*What to work on*.
Among the entries below, only the lines from the one with "So let's swap" through the one with "Then we're going" are wanted, reproduced exactly. Pictures are not wanted.

*Exercise input*.
+---+
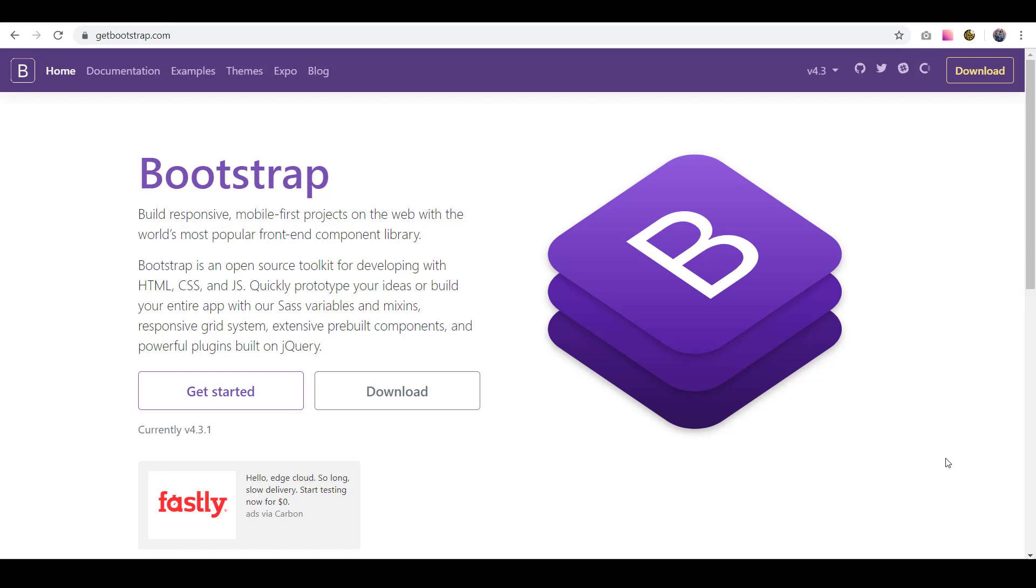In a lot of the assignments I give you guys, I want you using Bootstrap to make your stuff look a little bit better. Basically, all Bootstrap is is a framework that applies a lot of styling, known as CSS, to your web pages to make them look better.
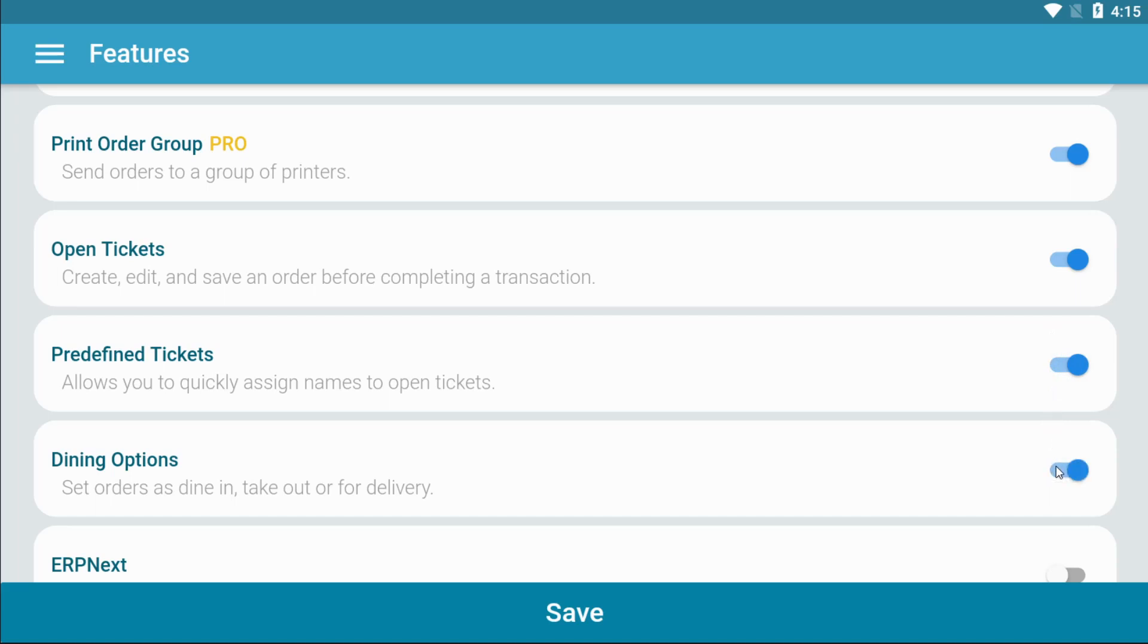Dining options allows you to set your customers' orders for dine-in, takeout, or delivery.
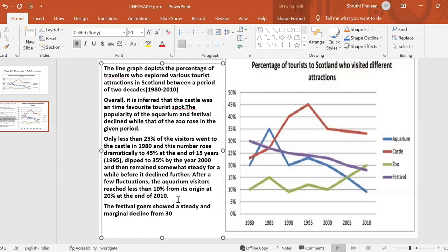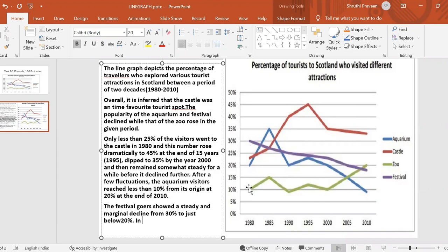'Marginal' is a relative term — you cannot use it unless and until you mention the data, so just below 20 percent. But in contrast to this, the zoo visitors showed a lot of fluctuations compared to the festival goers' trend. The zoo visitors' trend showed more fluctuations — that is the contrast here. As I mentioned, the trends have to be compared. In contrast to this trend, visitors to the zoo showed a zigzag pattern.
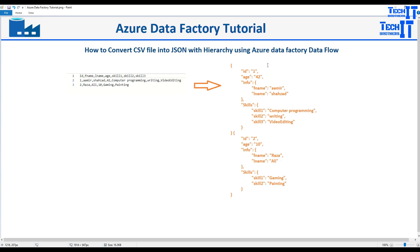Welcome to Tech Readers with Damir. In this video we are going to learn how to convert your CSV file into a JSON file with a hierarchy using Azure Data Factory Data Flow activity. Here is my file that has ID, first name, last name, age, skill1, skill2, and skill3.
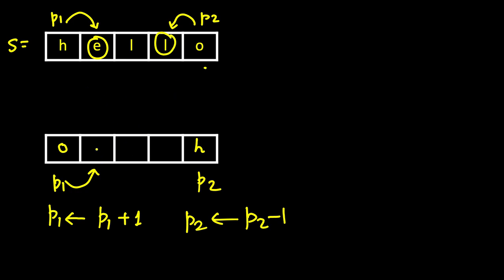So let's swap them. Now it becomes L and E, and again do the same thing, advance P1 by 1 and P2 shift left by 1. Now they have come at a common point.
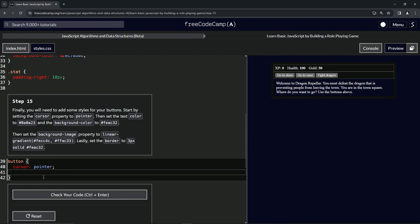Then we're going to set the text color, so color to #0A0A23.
+---+
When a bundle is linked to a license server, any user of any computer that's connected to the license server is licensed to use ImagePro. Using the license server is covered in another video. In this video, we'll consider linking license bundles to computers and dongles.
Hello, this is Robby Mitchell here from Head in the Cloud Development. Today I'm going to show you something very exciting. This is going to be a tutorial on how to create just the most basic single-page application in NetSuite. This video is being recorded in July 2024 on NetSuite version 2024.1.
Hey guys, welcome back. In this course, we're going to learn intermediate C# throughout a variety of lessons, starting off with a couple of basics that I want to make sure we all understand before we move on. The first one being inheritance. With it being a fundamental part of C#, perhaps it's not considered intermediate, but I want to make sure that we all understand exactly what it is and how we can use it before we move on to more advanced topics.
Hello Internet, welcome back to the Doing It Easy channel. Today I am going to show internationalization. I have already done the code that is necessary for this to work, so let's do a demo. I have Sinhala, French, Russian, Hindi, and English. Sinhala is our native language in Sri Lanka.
+---+
*Result for this task*.
So let's swap them. Now it becomes L and E, and again do the same thing, advance P1 by 1 and P2 shift left by 1. Now they have come at a common point.
Then we're going to set the text color, so color to #0A0A23.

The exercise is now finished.